La troisième génération après les camps a en revanche grandi sans haine,
ajoute-t-il après avoir interviewé une cinquantaine de jeunes juifs allemands.
« Ils se sentent différents mais pas étrangers en Allemagne », explique-t-il.
Pour Rafael Seligmann, dont le magazine en allemand et en anglais paraît
dans le monde entier, il fait désormais bon vivre en Allemagne quand on est
juif.
Il fustige ainsi le livre provocateur de Tuvia Tenenbom, directeur du
Théâtre juif de New York, « Seul parmi les Allemands » paru en 2012 qui
affirmait que le pays était toujours secrètement antisémite. « C’est un idiot
qui veut faire parler de lui », assène-t-il.
Avant la chute du Mur de Berlin, la communauté juive comptait moins de
30.000 membres et était menacée de disparition.

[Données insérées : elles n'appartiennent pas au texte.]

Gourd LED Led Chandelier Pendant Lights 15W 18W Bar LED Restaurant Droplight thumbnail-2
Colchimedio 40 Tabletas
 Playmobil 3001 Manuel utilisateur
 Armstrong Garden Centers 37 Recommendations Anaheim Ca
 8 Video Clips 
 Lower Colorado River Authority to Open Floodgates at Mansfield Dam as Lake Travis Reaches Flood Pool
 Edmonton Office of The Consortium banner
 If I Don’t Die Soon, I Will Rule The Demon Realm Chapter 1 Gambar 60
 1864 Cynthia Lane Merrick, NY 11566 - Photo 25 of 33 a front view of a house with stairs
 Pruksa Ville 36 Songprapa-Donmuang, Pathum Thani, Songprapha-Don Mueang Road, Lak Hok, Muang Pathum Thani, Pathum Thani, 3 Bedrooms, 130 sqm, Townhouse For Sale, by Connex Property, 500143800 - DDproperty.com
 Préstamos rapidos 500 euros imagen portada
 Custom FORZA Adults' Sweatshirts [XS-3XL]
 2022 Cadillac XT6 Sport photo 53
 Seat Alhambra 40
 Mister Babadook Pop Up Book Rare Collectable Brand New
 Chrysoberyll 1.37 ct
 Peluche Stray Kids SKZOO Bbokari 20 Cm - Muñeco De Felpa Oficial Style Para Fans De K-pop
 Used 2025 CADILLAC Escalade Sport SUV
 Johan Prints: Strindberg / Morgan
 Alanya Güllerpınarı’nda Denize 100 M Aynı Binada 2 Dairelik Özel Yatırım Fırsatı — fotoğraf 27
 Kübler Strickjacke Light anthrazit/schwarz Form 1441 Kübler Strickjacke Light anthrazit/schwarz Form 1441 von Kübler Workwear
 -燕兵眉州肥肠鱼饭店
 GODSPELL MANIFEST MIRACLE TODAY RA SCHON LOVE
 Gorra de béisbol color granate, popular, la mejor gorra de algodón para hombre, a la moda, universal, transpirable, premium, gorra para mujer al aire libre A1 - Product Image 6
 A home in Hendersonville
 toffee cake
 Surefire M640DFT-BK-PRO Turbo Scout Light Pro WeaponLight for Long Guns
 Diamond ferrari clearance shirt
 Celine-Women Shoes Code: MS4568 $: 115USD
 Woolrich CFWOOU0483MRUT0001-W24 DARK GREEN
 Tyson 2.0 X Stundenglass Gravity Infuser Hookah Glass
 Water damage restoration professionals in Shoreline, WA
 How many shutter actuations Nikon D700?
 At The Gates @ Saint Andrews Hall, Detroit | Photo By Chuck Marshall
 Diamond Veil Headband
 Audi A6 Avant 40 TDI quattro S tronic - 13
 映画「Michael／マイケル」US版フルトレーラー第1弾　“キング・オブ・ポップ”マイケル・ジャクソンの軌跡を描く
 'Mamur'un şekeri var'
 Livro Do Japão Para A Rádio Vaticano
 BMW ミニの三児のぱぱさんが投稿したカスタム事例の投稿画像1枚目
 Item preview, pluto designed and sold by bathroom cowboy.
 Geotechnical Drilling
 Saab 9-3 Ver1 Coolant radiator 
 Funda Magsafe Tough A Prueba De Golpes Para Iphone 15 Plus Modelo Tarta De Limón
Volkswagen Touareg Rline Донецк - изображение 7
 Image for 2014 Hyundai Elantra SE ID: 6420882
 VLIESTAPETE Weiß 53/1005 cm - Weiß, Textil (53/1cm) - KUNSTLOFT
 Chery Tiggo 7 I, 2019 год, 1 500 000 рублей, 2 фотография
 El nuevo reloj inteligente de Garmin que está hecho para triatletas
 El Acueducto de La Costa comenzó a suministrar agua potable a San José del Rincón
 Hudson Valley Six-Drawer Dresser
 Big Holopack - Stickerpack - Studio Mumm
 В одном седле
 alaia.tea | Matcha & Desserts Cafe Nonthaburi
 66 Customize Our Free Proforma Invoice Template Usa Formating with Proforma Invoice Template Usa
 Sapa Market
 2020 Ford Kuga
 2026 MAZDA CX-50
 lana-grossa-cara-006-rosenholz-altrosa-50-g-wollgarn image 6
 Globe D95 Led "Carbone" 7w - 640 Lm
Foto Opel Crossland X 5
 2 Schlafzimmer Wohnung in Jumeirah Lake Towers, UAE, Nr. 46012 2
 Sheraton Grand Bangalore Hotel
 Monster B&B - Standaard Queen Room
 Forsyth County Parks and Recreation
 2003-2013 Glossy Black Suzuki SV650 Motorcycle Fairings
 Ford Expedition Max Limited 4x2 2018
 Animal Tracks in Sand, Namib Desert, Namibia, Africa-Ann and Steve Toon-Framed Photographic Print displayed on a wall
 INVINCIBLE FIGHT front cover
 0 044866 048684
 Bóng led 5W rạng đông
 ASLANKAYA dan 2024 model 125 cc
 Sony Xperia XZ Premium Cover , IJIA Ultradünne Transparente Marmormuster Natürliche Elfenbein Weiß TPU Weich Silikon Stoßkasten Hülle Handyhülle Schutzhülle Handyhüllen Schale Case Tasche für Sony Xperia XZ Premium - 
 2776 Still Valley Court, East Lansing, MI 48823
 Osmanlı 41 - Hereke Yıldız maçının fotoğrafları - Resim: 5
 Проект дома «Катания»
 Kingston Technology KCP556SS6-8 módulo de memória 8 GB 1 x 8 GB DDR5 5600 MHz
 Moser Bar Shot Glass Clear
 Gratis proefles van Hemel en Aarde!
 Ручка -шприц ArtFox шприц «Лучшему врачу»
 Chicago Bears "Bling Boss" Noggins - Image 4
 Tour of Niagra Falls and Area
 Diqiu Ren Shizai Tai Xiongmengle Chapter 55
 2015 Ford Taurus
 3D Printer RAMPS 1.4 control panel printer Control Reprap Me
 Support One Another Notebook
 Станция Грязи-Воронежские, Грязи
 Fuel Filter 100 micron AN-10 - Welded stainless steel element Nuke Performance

Tout changea après 1989, quand
l’Allemagne, en raison de sa responsabilité historique, offrit la possibilité
aux juifs originaires des pays de l’ex-Union soviétique de venir s’installer
chez elle.
Près de 200.000 d’entre eux, essentiellement motivés par des raisons
économiques, y émigrèrent.
Les accueillir, « c’était aussi une façon pour le gouvernement allemand de
montrer que le pays était enfin devenu respectable », estime M. Ranan.
L’intégration de ces nouveaux arrivants qui ne parlaient pas allemand ne
fut guère simple. L’Allemagne n’a cependant eu de cesse de soutenir le
renouveau de la communauté juive ces vingt dernières années.
Ont ainsi été érigées ou rouvertes de nombreuses synagogues, comme
l’illustre la restauration en 2007 de celle de la Rykestrasse, dans le centre
de Berlin, la plus grande du pays.
Des séminaires rabbiniques ont aussi été créés, tel le collège
Abraham-Geiger de Potsdam, près de Berlin, le premier depuis l’Holocauste,
inauguré en 2000. Et des rabbins ordonnés, dont les trois premiers depuis la
Shoah en 2006.
En 2012, le jugement d’un tribunal de Cologne avait néanmoins créé une
polémique internationale en déclarant hors la loi et passible de poursuites
pénales la circoncision des enfants pour motif religieux.
Un verdict qui a conduit l’Allemagne à se doter d’une loi autorisant la
circoncision des enfants pour motifs religieux. « Cette loi était une façon de
dire aux juifs et aux 4 millions de musulmans vivant en Allemagne, ‘vous êtes
les bienvenus' », estime M. Seligmann.